## Exercise aim
Copy only what lies from the line containing "CUSTOM CLASSIC VINTAGE" through the line containing "We manufacture premium" in the entries below, keeping both end lines exact and dropping every picture.

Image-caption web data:

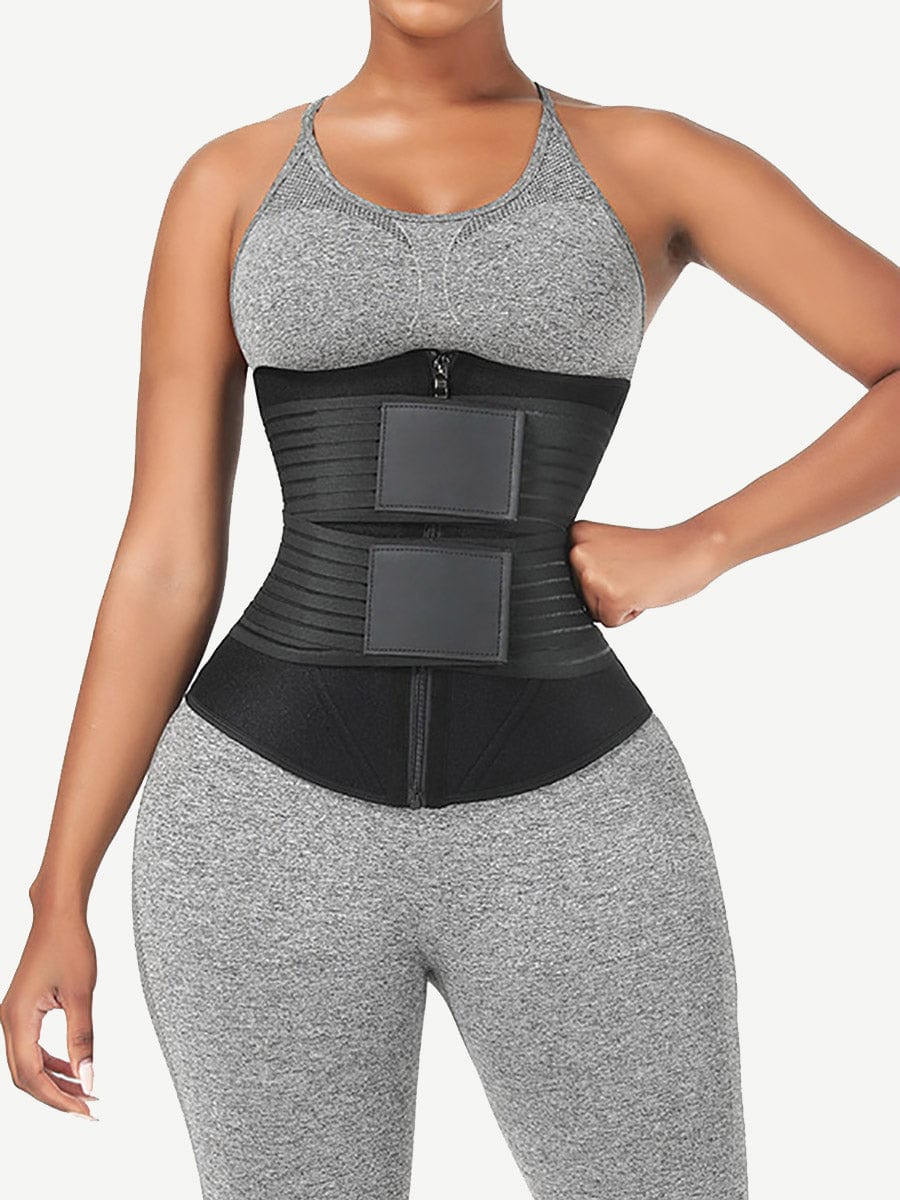 Snatched Neoprene Waist Trainer Long Body Double Elastic Belts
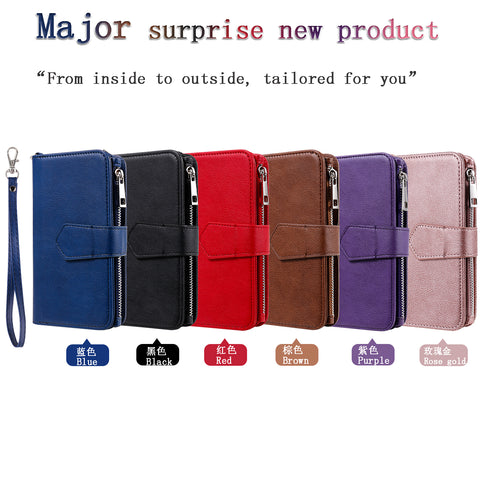 For Samsung Galaxy S25 Magnetic Leather Case Mobile Cover with Detachable Zipper Wallet Strap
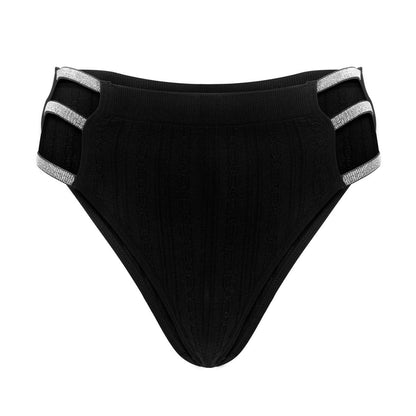 5Pcs Shiny Waistband Women's Low Rise Panties, Ribbed Cotton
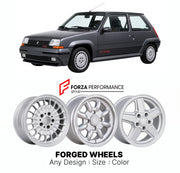 CUSTOM CLASSIC VINTAGE RESTOMOD RETRO OLD SCHOOL FORGED WHEELS RIMS for RENAULT SUPER 5 GT TURBO 1985 - 1991

Custom forged wheels for Renault Super 5 GT Turbo 1985 - 1991. Classic, vintage, restomod wheel designs made to order in custom sizes, offsets, colors and finishes.

We manufacture premium quality forged wheels rims for Renault Super 5 GT Turbo 1985 - 1991 in any design, size, color.

THIS WHEEL DESIGN CAN BE CUSTOM-MADE FOR YOUR CAR IN ANY SIZE AND COLOR OPTIONS
Available in monoblock, 2-piece, 3-p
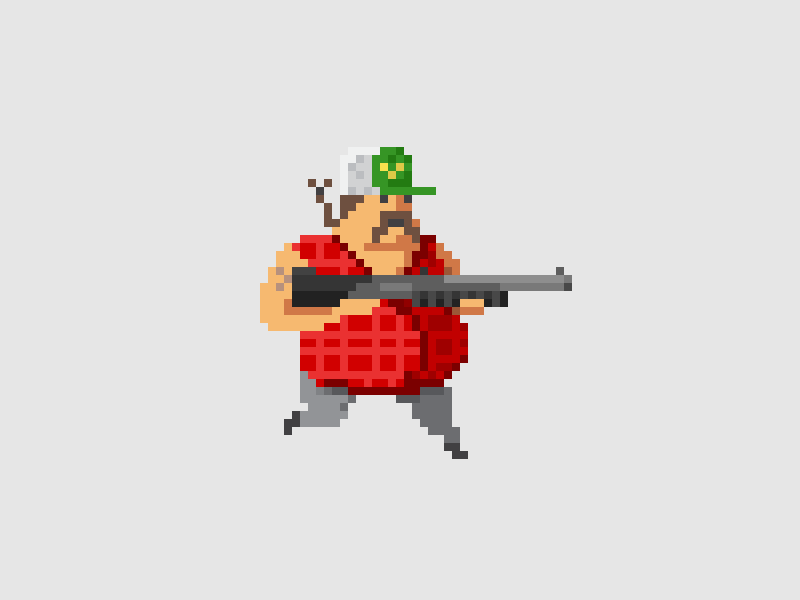 Running Redneck game illustration pixel art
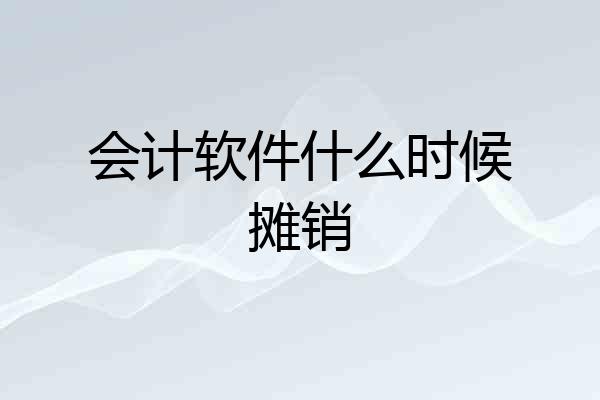 会计软件什么时候摊销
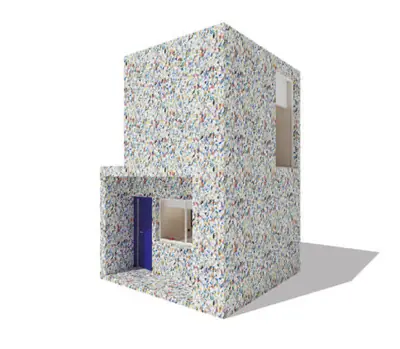 A cube of speckled recycled-plastic panels with a small entrance, drawn on white
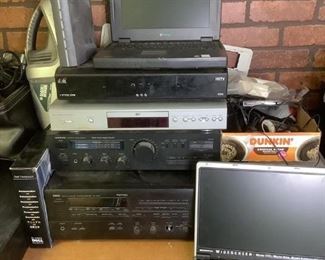 Computer, Stereo, DVD Equipment
Several items including a Dell computer with monitor, various speakers, Dish DVR, GE, DVD player, Yamaha and Onkyo stereo equipment and more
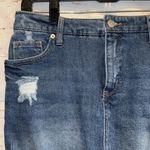 Wild Fable Skirt Womens 12 Dark Blue Denim Distressed Mini Short Fringe Raw Edge Photo 1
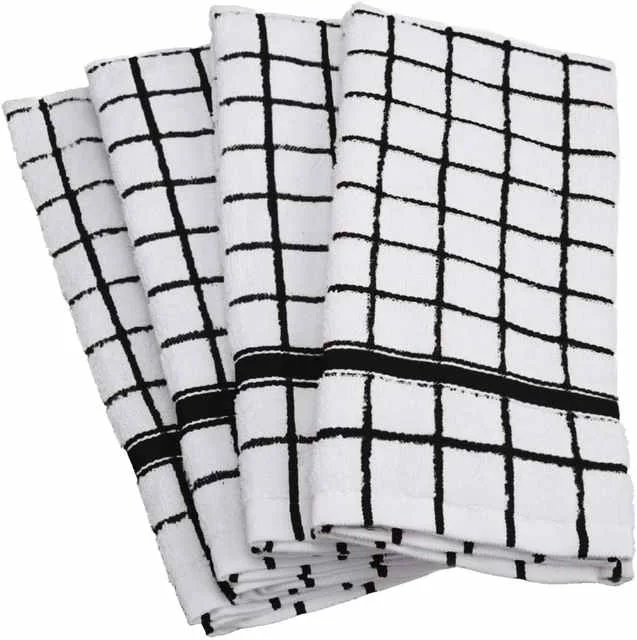 Terry check kitchen towels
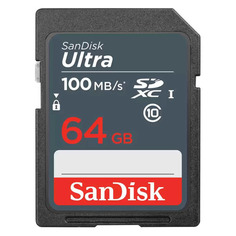 Карта памяти SDXC UHS-I Sandisk Ultra 64 ГБ, 100 МБ/с, Class 10, SDSDUNR-064G-GN3IN, 1 шт.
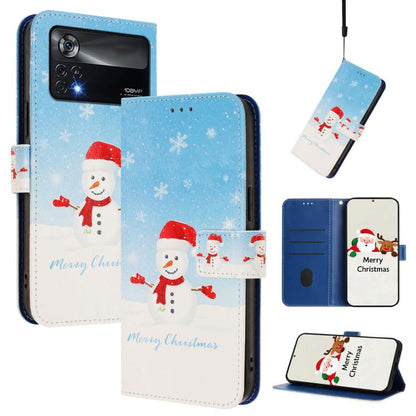 Christmas Series Buckle Leather Phone Case with Hand Strap, For Xiaomi 12 Lite, For Xiaomi Poco C40 / Redmi 10C, For Xiaomi Poco M4 Pro 4G, For Xiaomi Poco X4 Pro 5G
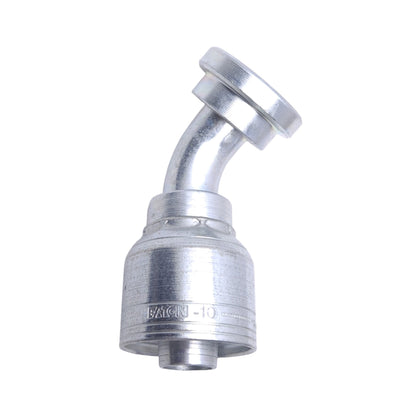 New Danfoss 1A10KSA10 Crimp Hose Fitting, 45° Elbow, Komatsu Split Flange, -10 Hose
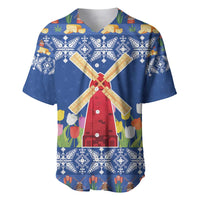 Blue Christmas baseball jersey with windmill and tulip flower print, button-front
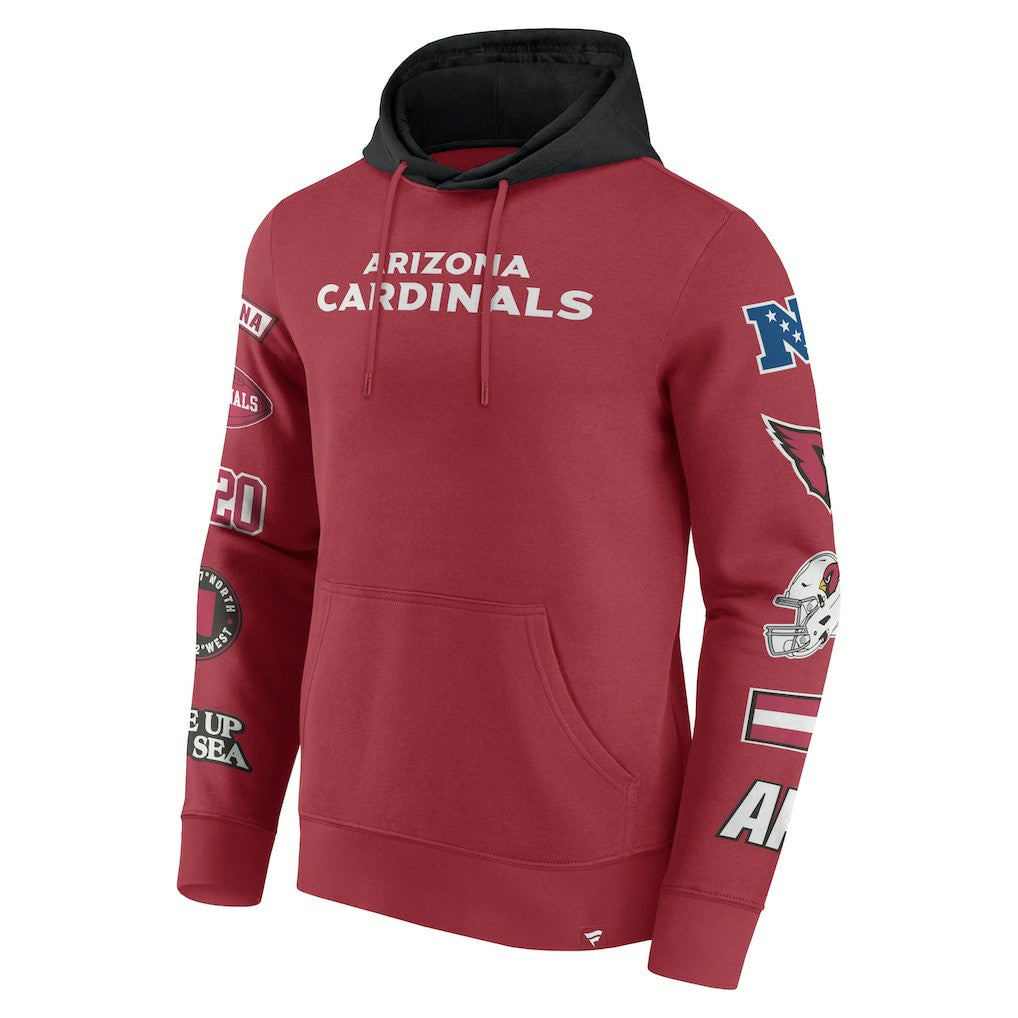 Arizona Cardinals Patched Out Pullover Hoodie Cardinal/Black - Fanatics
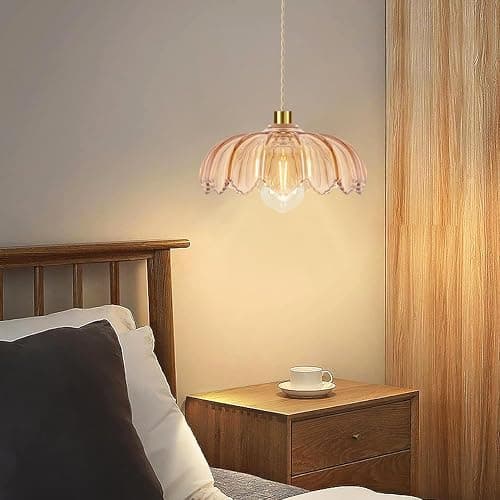 QIYIZM Plug in Pendant Light Hanging Lights with in Cord Mid Century Modern Gold Hanging Lamp Flower Glass Amber Vintage Dimmable Chandelier Ceiling Fixture for Living Room,Kitchen,Boho thumbnail 8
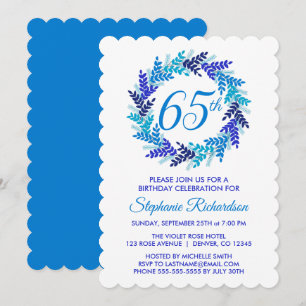 Elegante Blauwe Krans 65e Verjaardag Kaart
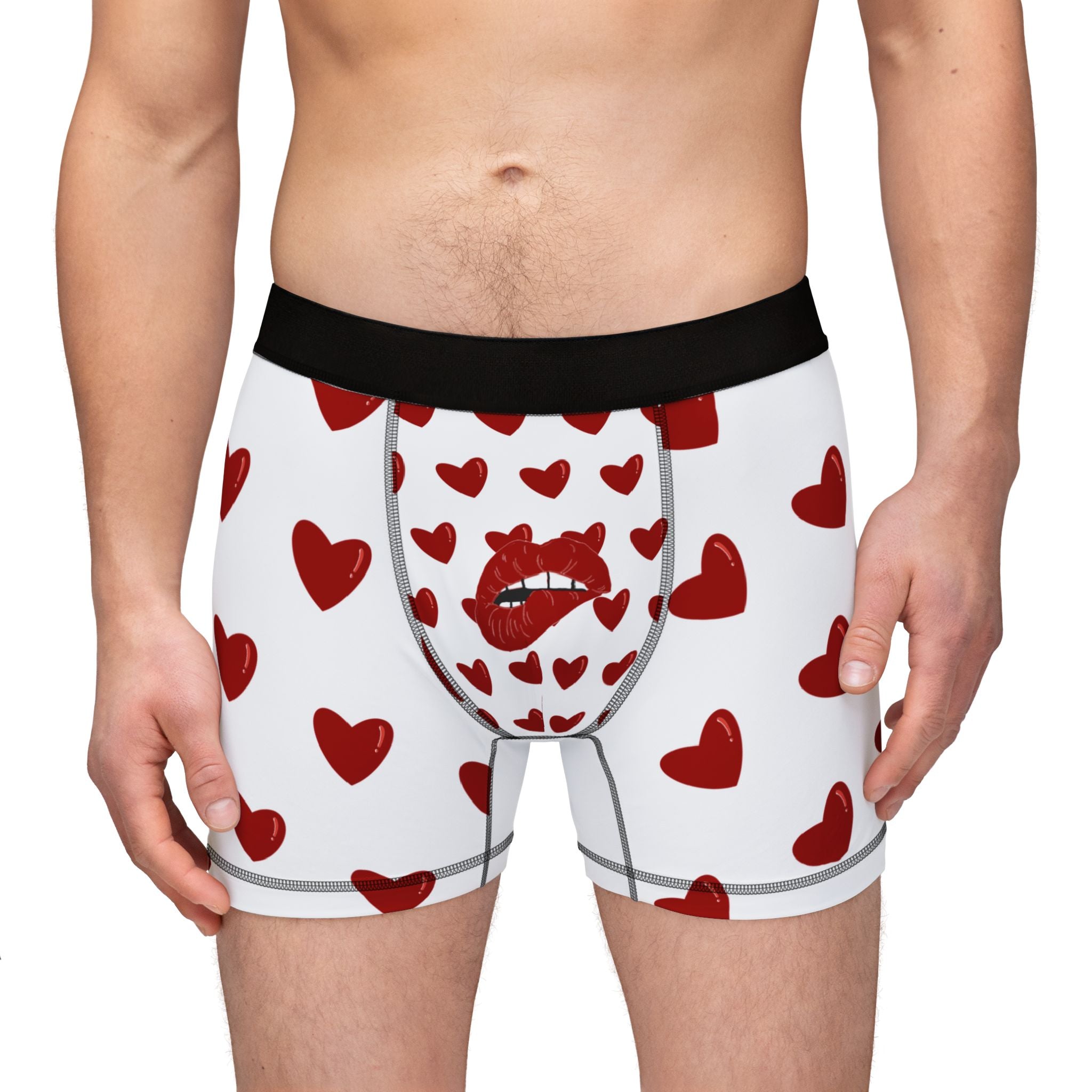 Heart Pattern Men’s Boxers — Red Kiss White Underwear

## Response box
 CUSTOM CLASSIC VINTAGE RESTOMOD RETRO OLD SCHOOL FORGED WHEELS RIMS for RENAULT SUPER 5 GT TURBO 1985 - 1991

Custom forged wheels for Renault Super 5 GT Turbo 1985 - 1991. Classic, vintage, restomod wheel designs made to order in custom sizes, offsets, colors and finishes.

We manufacture premium quality forged wheels rims for Renault Super 5 GT Turbo 1985 - 1991 in any design, size, color.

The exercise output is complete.